For the Military Bowl matchup vs. Air Force, Campbell chose to remain in his normal offensive coordinator position in the coaches’ box and let associate head coach Louis Ayeni handle the on-field duties. The strategy worked out perfectly, as the Rockets put up 42 points against a solid Falcon defense. The game was ultimately decided by the UT defense, however, as the Rockets forced a fumble when Air Force tried for a two-point conversion following an apparent game-tying touchdown with just over a minute left to play.

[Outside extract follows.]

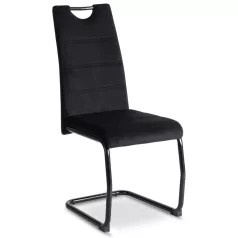 LOPEZ fekete bársony szék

Building Champions at Toledo
Campbell’s first full season as head coach of the Rockets was quite an exciting ride. Following an overtime loss at Arizona in the season opener, Toledo reeled off eight consecutive victories, including a 29-23 triumph over then-No. 18 Cincinnati. Close conference losses to Ball State and Northern Illinois shot down the Rockets’ dreams of a MAC Championship title, but UT won nine regular-season games and earned a berth into the 2012 Famous Idaho Potato Bowl vs. Utah State. It was Toledo’s third straight winning season and third consecutive bowl appearance.
Campbell’s Rockets also accomplished something that no UT squad has ever done—crack into the Top 25 of the BCS rankings. Toledo moved into the No. 25 spot on Nov. 4, the same week it placed No. 23 in the AP poll and No. 25 in the USA Today coaches poll. It was the Rockets’ first appearance in a Top 25 poll since 2001.
The 2012 Rockets featured nine players who earned All-MAC honors, including a league-best six slots on the first team. Junior Bernard Reedy earned first-team accolades at wide receiver and punt returner, as well as second-team honors at kickoff returner. A first-teamer on the defensive side of the ball, senior Dan Molls, led the nation in tackles with 166.
In Year No. 2 under Campbell, the Rockets finished with a 7-5 mark, 5-3 in league play. Toledo navigated one of its toughest non-conference schedules ever, traveling to then-No. 10 Florida and eventual SEC West champion Missouri to start off the season. The Rockets lost those two contests, but won seven of the next eight games, including a 28-25 triumph over arch-rival and eventual MAC champion Bowling Green, to finish with a 7-5 mark.
Campbell comes from a football family that placed a high value on education. His father, Rick, coached at Jackson High School in Massillon, OH, and later served as principal there. He now serves as athletic director at Canton South High School. Campbell’s mother, Elaine, is a grant writer for Mercy Medical Hospital in Canton, OH.
Campbell and his wife Erica have two girls, Katelyn (5) and Isabella (4), and a son, Rudy, born in July of 2013.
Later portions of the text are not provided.